Com os companheiros de time, com quem participará de uma reunião comemorativa de 20 anos do título, no ano que vem, quando a Copa do Mundo de rúgbi será jogada na Inglaterra, ficou a lembrança de que, em união, pode-se mais.

Foi pelo bem da continuidade da evolução no sentido de igualdade entre as pessoas que Williams recebeu com alívio a condenação a cinco anos de prisão para o corretor biamputado Oscar Pistorius, um outro herói nacional, de quem ele era conhecido, pelo homicídio culposo –sem intenção de matar– de sua então namorada Reeva Steenkamp, em fevereiro deste ano.

"Creio que até Pistorius dever ter ficado, de certo modo aliviado. Ele é um atleta famoso, mas não deixa de ser um cidadão branco. E sua liberação mandaria uma mensagem ruim para a África do Sul", afirma.

O fato de as palavras "branco" e "negro" ainda aparecerem em todas as entrevistas concedidas por ele neste período no Brasil, não surpreende Williams.

"Faz só vinte anos que a África se tornou uma nação democrática.
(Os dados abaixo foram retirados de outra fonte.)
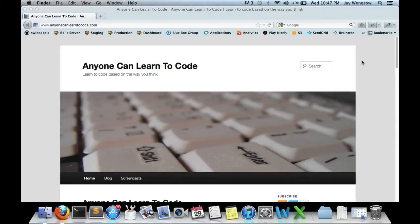In this screencast, we'll cover the terminal on a Mac. If you have a PC, I have made a separate screencast for you, which can be found on my website in the same post together with this screencast.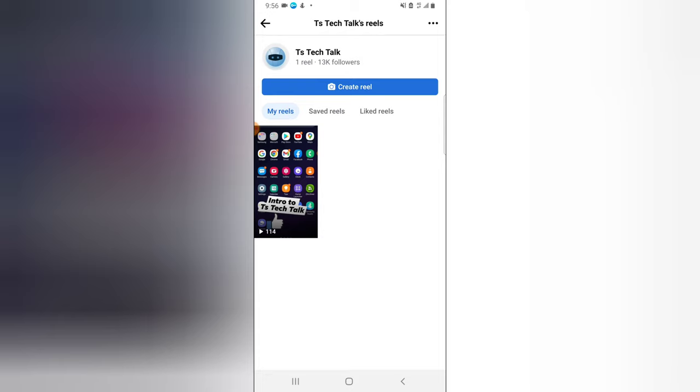So these are my reels. You notice right there it says My Reels. So those are the reels I have created so far, and those are TS Tech Talk's reels. So that is all I want to show you guys on today's video. I only have one reels video. If I have more than that, they are all going to be displaying right here.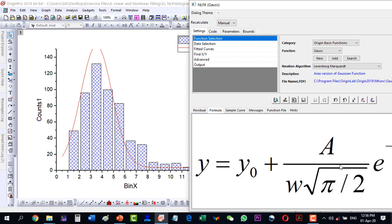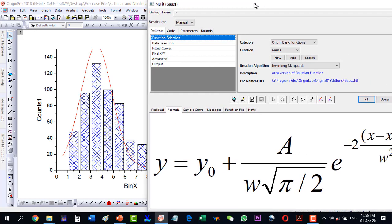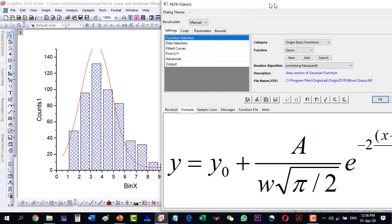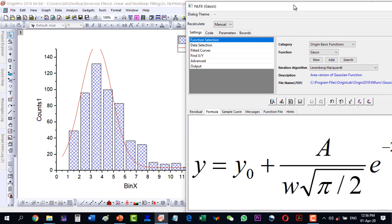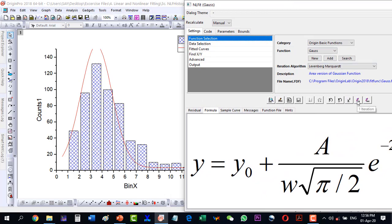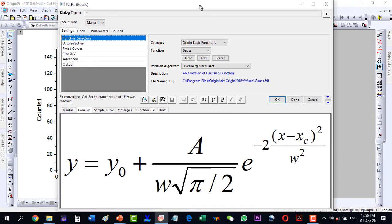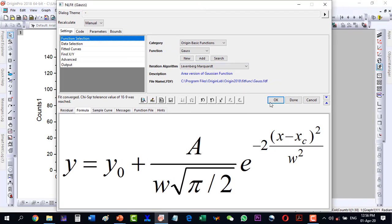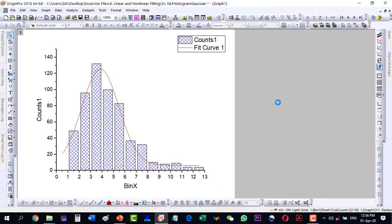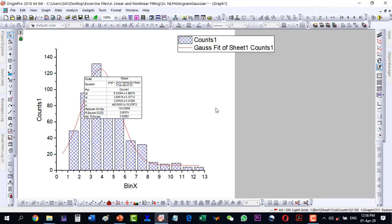Let's click one iteration and I can see that it is fitting very well. Just click fit until converge. So it has done the fitting and now I go to the parameters.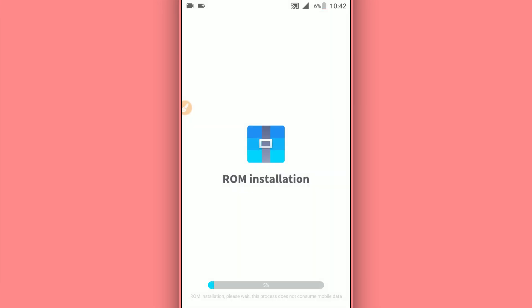As you can see, VMOS Pro is now installing the ROM. What you need to do now is just be patient and wait a little bit. It will not take too long, just three to five minutes depending on your device.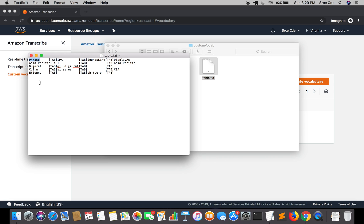Those are the three formats for defining custom vocabulary in Amazon Transcribe. Before closing, a few limitations: you can define a maximum of 100 vocabularies per account, and the size limit for a custom vocabulary file is 50 KB.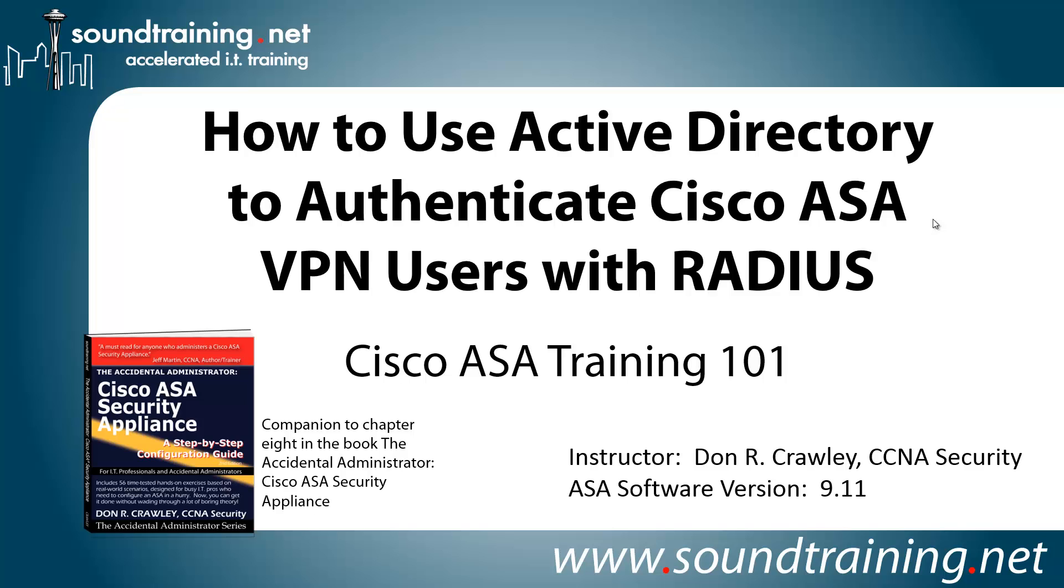Hello and welcome to Cisco ASA Training 101. My name is Don Crawley. I'm from SoundTraining.net. We're the Seattle, Washington-based publisher of learning resources and provider of accelerated training for IT professionals.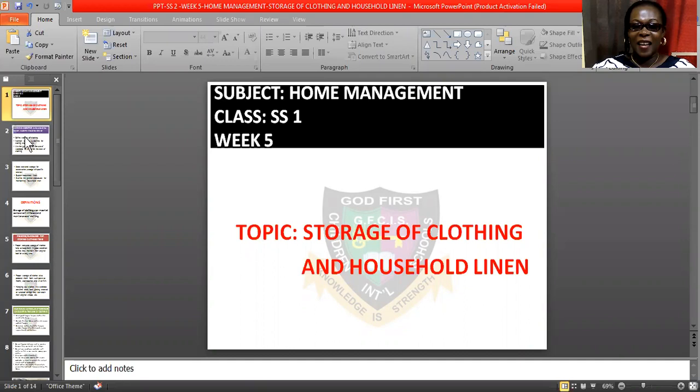I am here again today to take you on your week 5 topic titled Storage of Clothing and Household Linen. Storage of Clothing and Household Linen — that is our topic today.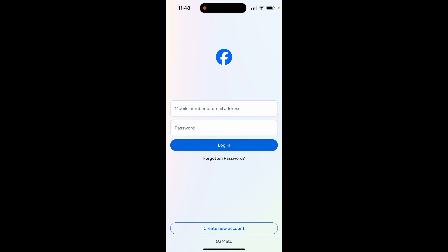In this video I'm going to show you how you can create a Facebook account. We're going to do this on the Facebook app, but you can do this on the computer as well. I recommend though, just to follow along, you use the Facebook app.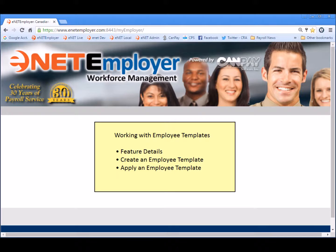Welcome back to the E-Net Employer How-To video series. This lesson is going to discuss how to work with employee templates. This is the method we use to greatly simplify the process of setting up new employees in your payroll. We'll begin by explaining the feature and then we'll walk through the steps of creating and applying our template to several new payroll employees.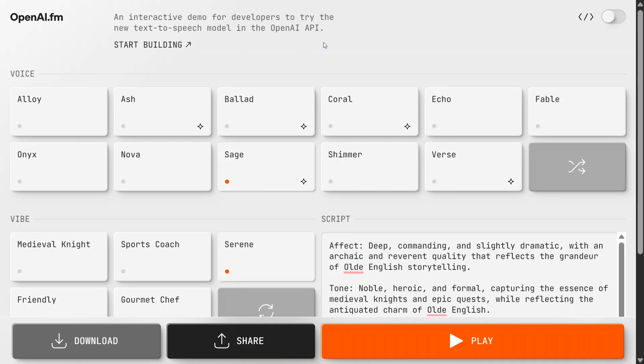The URL is in the comment section below. You can check out openai.fm for free. Try it out now. Thank you so much.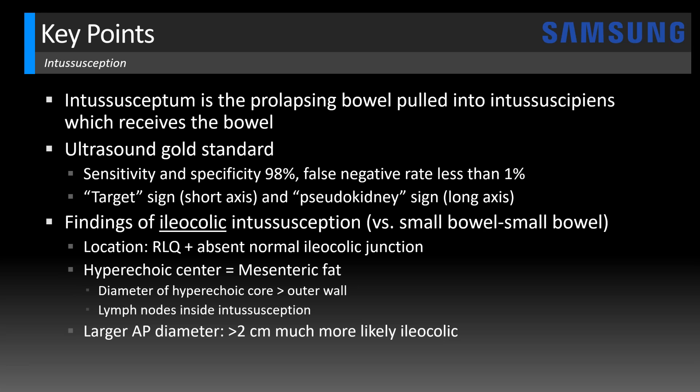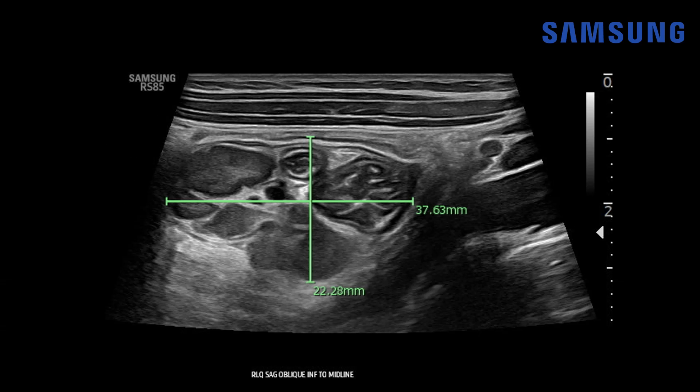Ileocolic also tends to have a larger AP diameter — greater than two centimeters is much more likely ileocolic — and a longer length greater than three centimeters. Looking back at our case, the AP dimension is 2.2 centimeters and the length is 3.8 centimeters. Very typical for an ileocolic intussusception.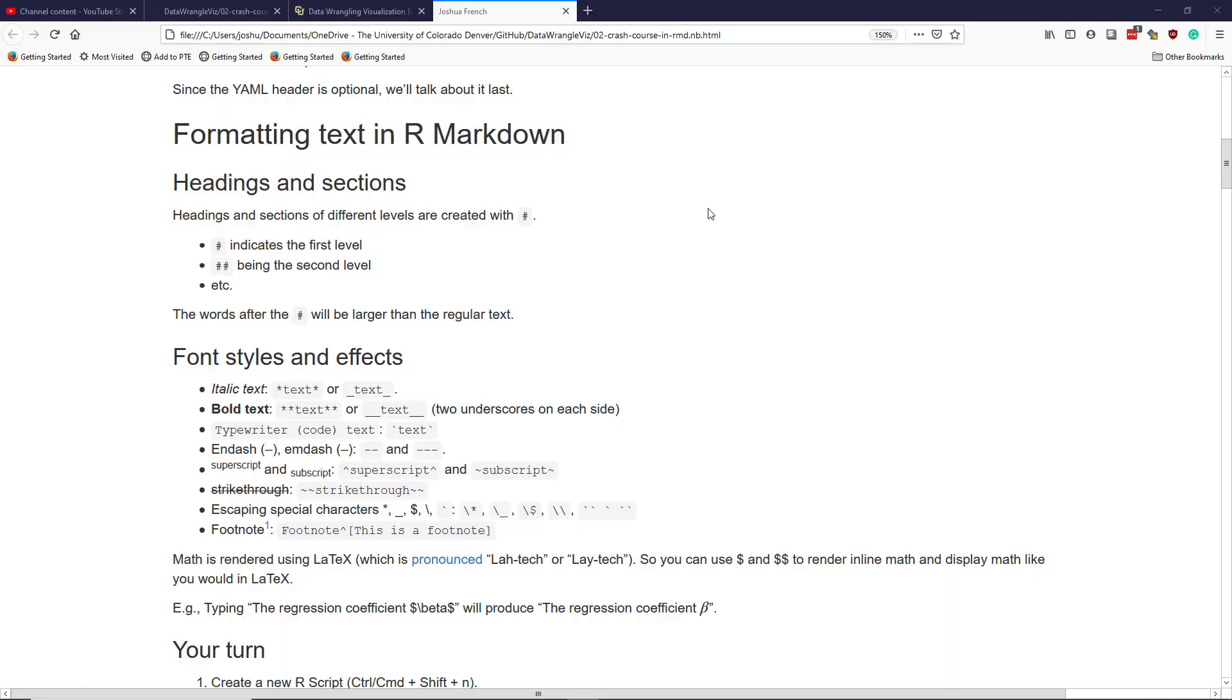In this video, we're going to talk about how to format text using R Markdown. The first kind of text formatting we're going to talk about is how to format different headings and sections in our Markdown document.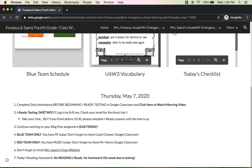Today is iReady testing day two. Make sure that you log in no later than 8:45 and check your email for the direct link. Take your time, but if you finish before 10:30, please complete iReady lessons until the time is up.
O Apartheid não existe oficialmente, mas o efeito dele está em todos os lugares, nas mentes das pessoas", afirma.

"Isso só vai mudar com o tempo, quando nossas crianças não aprenderem a diferenciar as pessoas pela cor", acredita,

"Hoje, acredito que avançamos uns 60% no sentido da ideia de que somos todos iguais. É bastante, se pensarmos que até pouco tempo, era zero", diz.

"Sei que nunca chegaremos ao mundo ideal, ao 100%. Estados Unidos e Brasil, nações que convivem há mais tempo com a igualdade racial perante a lei, estão longe do ideal, também. Mas é inegável que avançamos muito. E vamos avançar muito mais nos próximos 20 anos", acredita.